## WORK REQUIRED
Begin at the line containing "Charming lodge in" and give again every line to the end of the records, exactly, without the pictures.

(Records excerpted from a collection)

☆ ☆ ☆ ☆ ☆ ☆ ☆

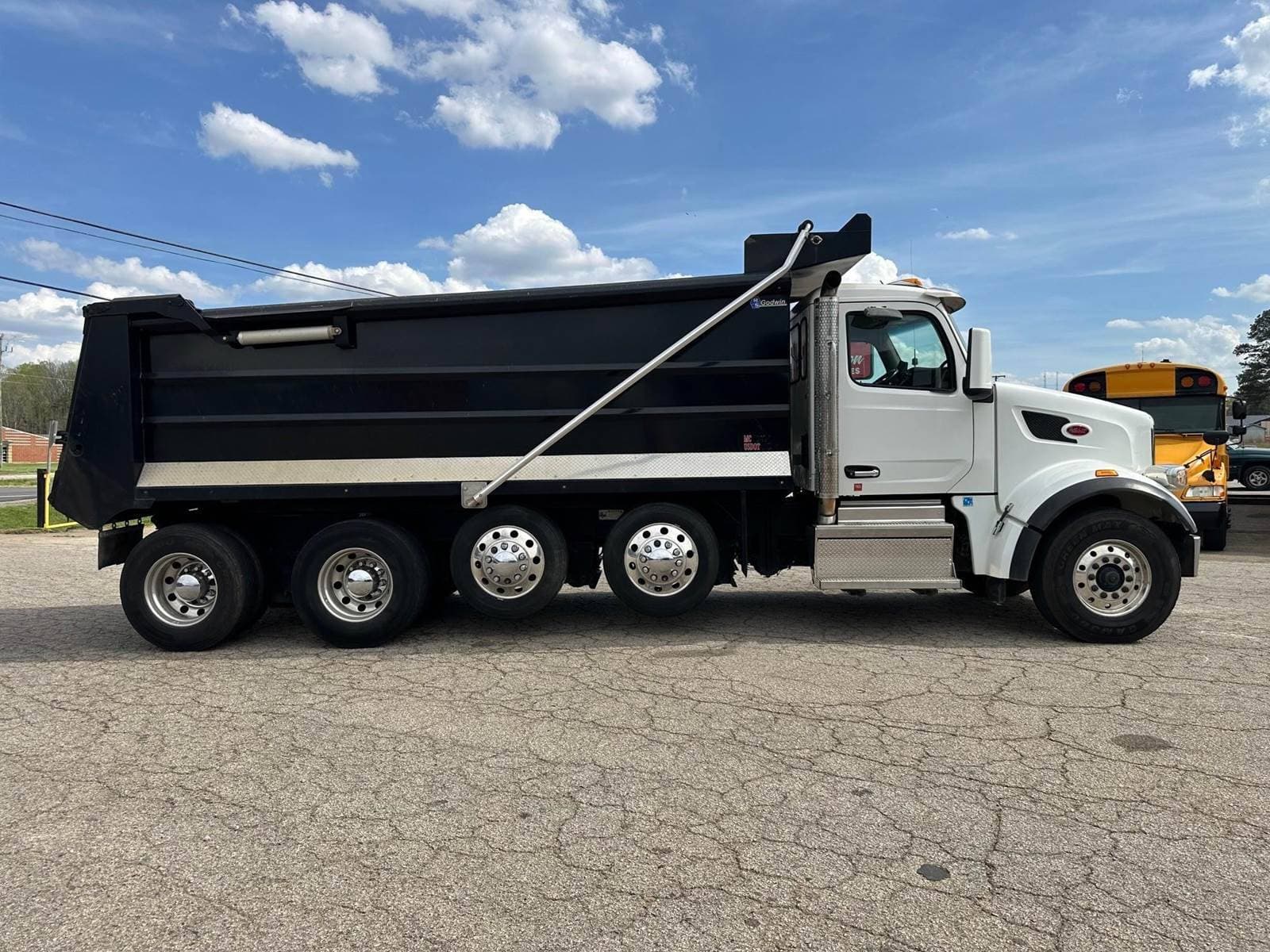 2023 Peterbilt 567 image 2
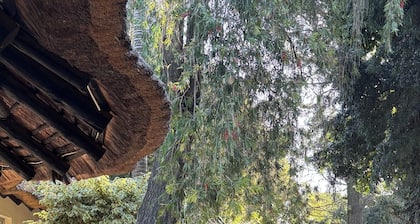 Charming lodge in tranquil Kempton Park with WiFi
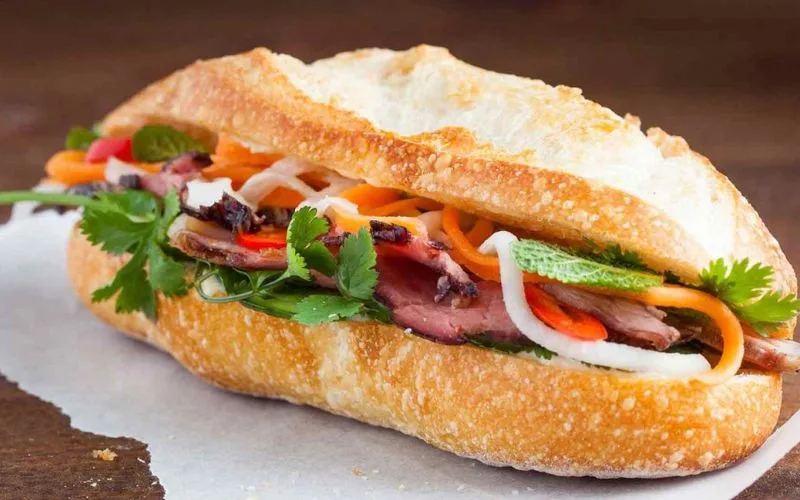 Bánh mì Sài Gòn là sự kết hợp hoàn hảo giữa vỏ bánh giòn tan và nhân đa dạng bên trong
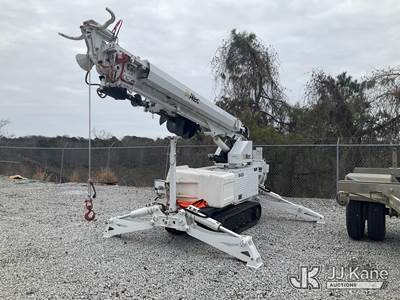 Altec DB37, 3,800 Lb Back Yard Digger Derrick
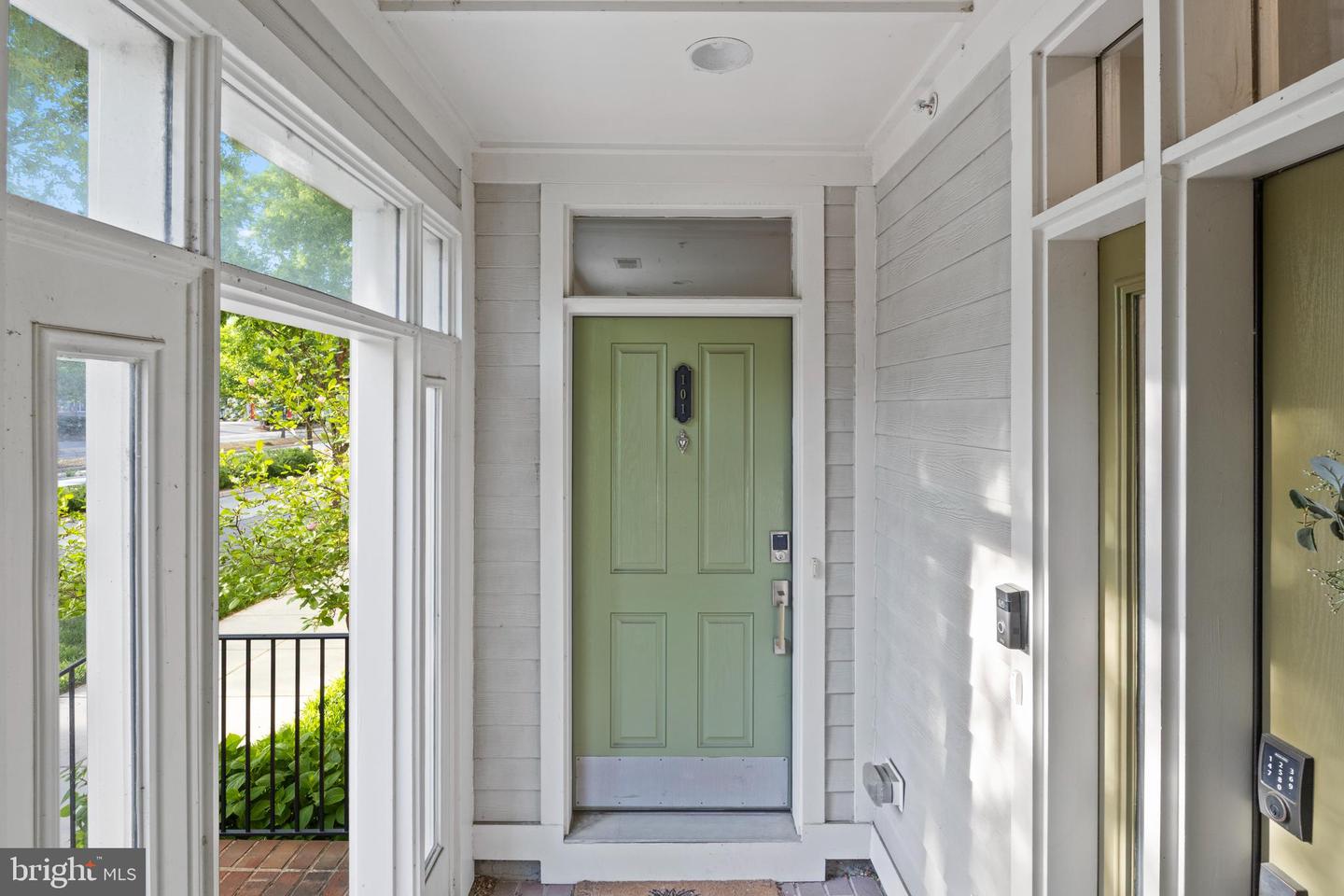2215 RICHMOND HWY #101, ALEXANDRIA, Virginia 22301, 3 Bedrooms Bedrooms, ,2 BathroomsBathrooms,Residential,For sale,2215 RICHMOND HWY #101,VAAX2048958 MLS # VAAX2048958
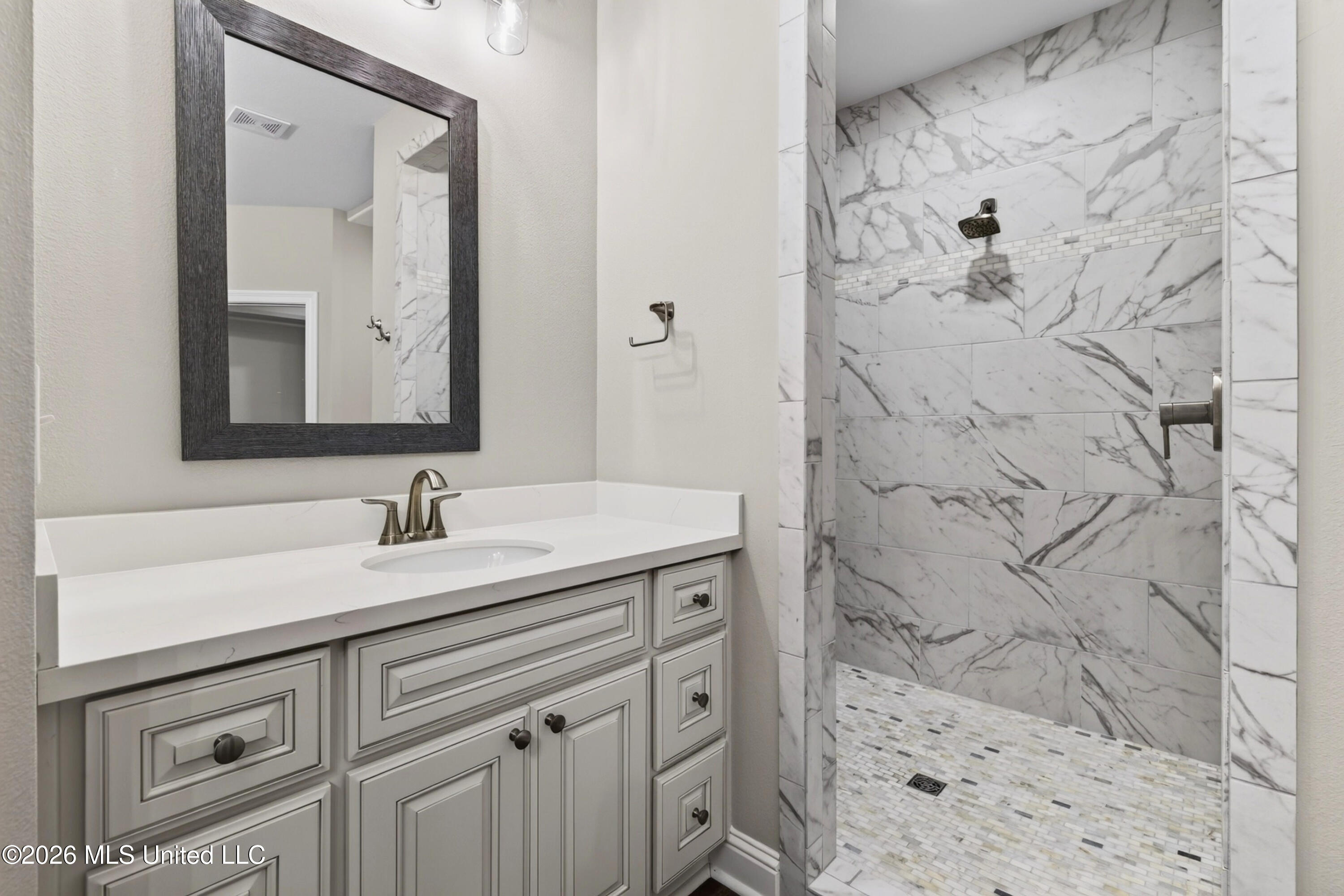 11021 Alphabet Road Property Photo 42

☆ ☆ ☆ ☆ ☆ ☆ ☆

## ANSWER TO THIS TASK
 Charming lodge in tranquil Kempton Park with WiFi
 Bánh mì Sài Gòn là sự kết hợp hoàn hảo giữa vỏ bánh giòn tan và nhân đa dạng bên trong
 Altec DB37, 3,800 Lb Back Yard Digger Derrick
2215 RICHMOND HWY #101, ALEXANDRIA, Virginia 22301, 3 Bedrooms Bedrooms, ,2 BathroomsBathrooms,Residential,For sale,2215 RICHMOND HWY #101,VAAX2048958 MLS # VAAX2048958
 11021 Alphabet Road Property Photo 42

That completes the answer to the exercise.